* _TASK BRIEF_
Using the word "with" as the filter, copy each matching line from the records.

(TASK DATA Opens)

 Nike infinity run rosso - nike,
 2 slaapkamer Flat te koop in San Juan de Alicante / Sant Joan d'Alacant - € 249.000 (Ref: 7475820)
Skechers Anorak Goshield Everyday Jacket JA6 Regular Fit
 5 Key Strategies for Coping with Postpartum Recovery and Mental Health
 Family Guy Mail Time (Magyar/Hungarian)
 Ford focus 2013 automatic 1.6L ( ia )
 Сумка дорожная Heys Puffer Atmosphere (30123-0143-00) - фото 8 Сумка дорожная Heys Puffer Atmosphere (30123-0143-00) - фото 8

(TASK DATA Closes)
(TASK DATA Opens)

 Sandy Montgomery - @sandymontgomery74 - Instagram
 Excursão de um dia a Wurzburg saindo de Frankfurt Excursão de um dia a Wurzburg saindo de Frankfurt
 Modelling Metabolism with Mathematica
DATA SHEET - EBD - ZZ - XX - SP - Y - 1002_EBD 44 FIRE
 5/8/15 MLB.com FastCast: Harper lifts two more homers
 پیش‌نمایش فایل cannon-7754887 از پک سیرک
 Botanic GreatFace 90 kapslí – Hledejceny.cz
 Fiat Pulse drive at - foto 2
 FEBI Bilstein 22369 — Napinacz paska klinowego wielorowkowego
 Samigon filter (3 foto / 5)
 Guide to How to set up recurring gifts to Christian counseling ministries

(TASK DATA Closes)
(TASK DATA Opens)

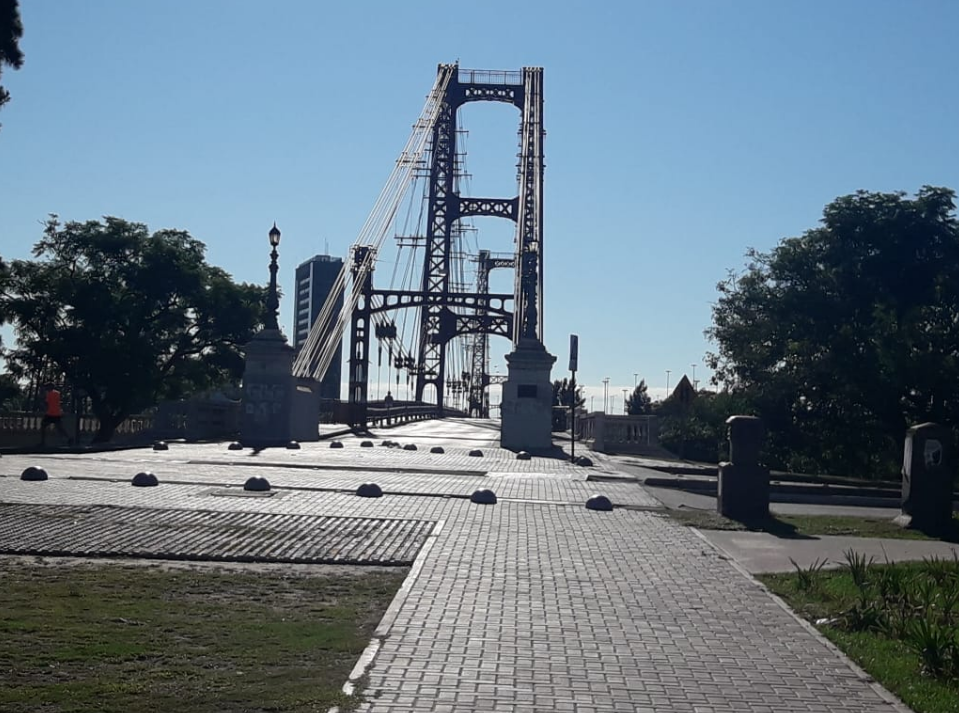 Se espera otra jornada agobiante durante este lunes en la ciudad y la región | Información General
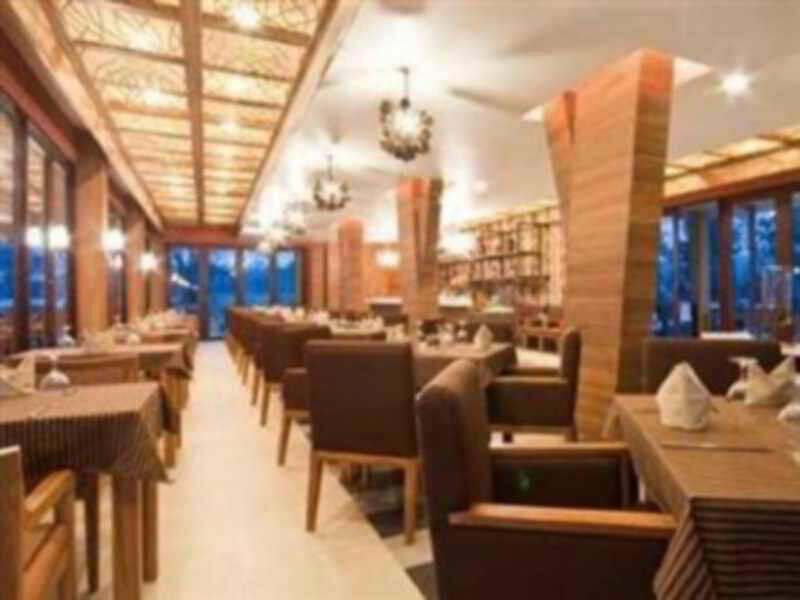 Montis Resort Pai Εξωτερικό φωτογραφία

(TASK DATA Closes)

* _EXPECTED ANSWER_
 5 Key Strategies for Coping with Postpartum Recovery and Mental Health
 Modelling Metabolism with Mathematica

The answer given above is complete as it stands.